#### Exercise:
Without changing a word, copy every line of the listing below and leave out the images.
(Beginning of Supplied data)
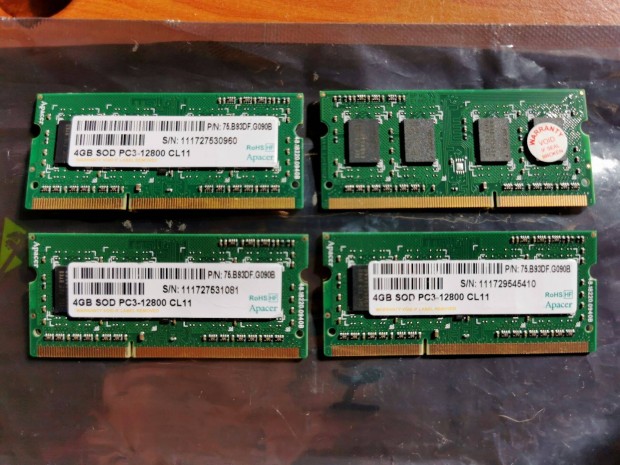 15/3 Apacer 75.B93DF.G090B 16GB 3 hónap garancia PC3 DDR3 ram kit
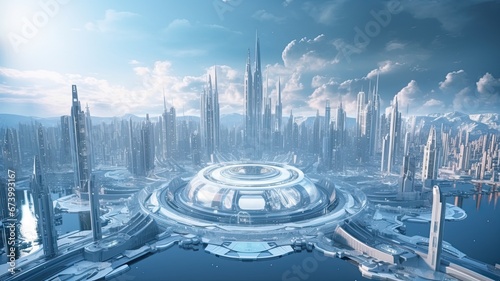 Futuristic city, town. The concept of the future. Aerial view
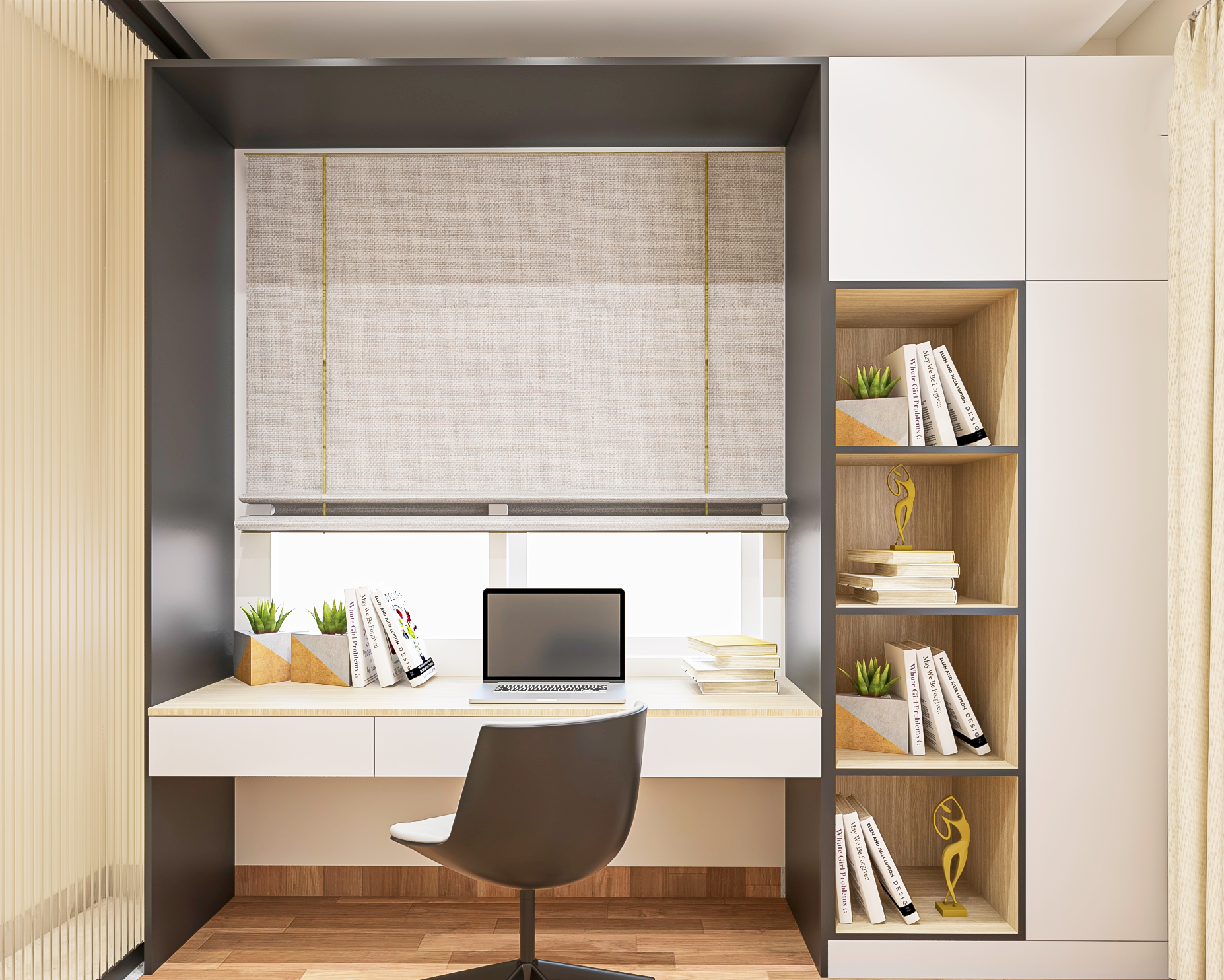 Modern Space Saving Home Office Design With Chic Interiors | Livspace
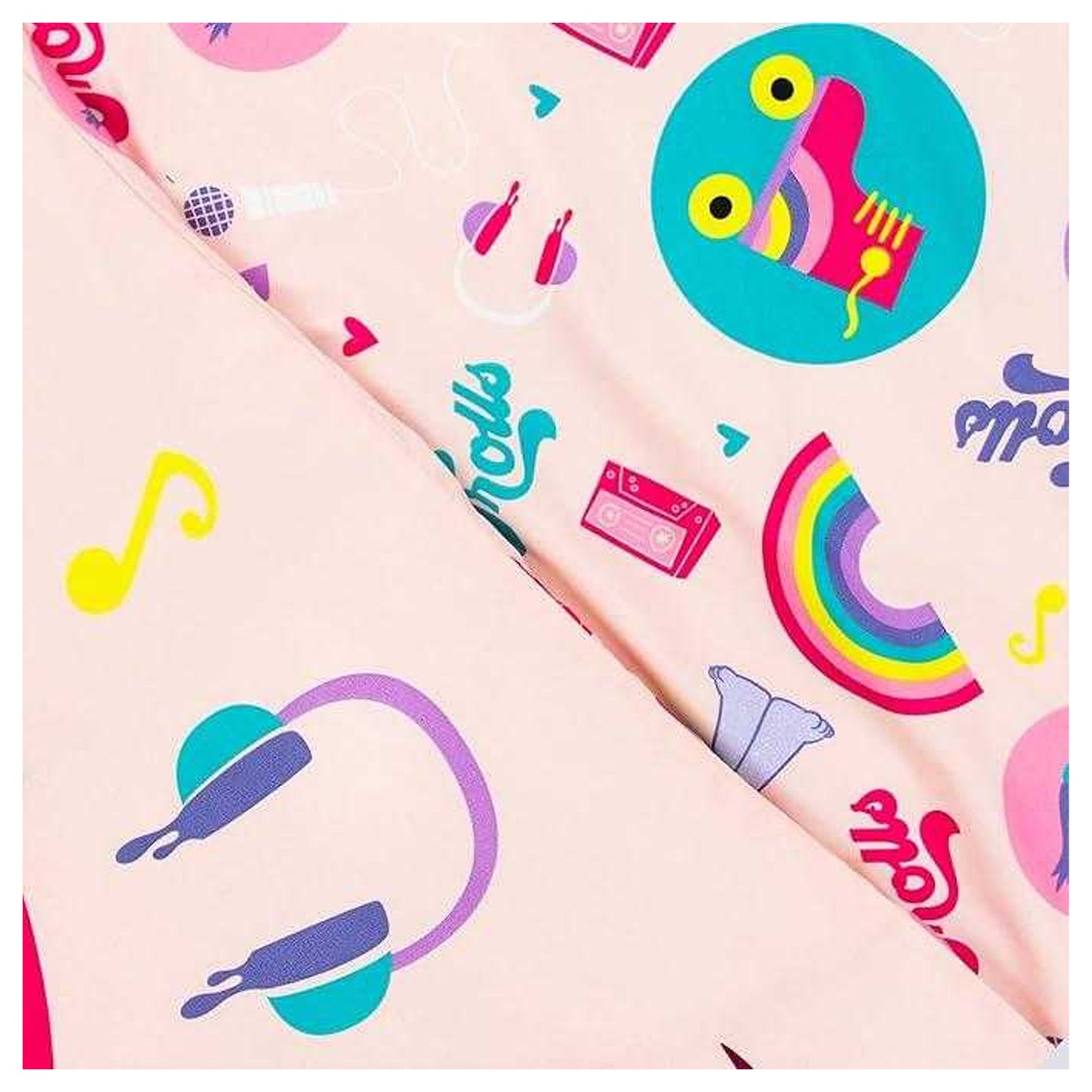 Pink-Multicoloured - Close up - Trolls 2 World Tour Reversible Duvet Set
(End of Supplied data)
#### Answer:
 15/3 Apacer 75.B93DF.G090B 16GB 3 hónap garancia PC3 DDR3 ram kit
 Futuristic city, town. The concept of the future. Aerial view
 Modern Space Saving Home Office Design With Chic Interiors | Livspace
 Pink-Multicoloured - Close up - Trolls 2 World Tour Reversible Duvet Set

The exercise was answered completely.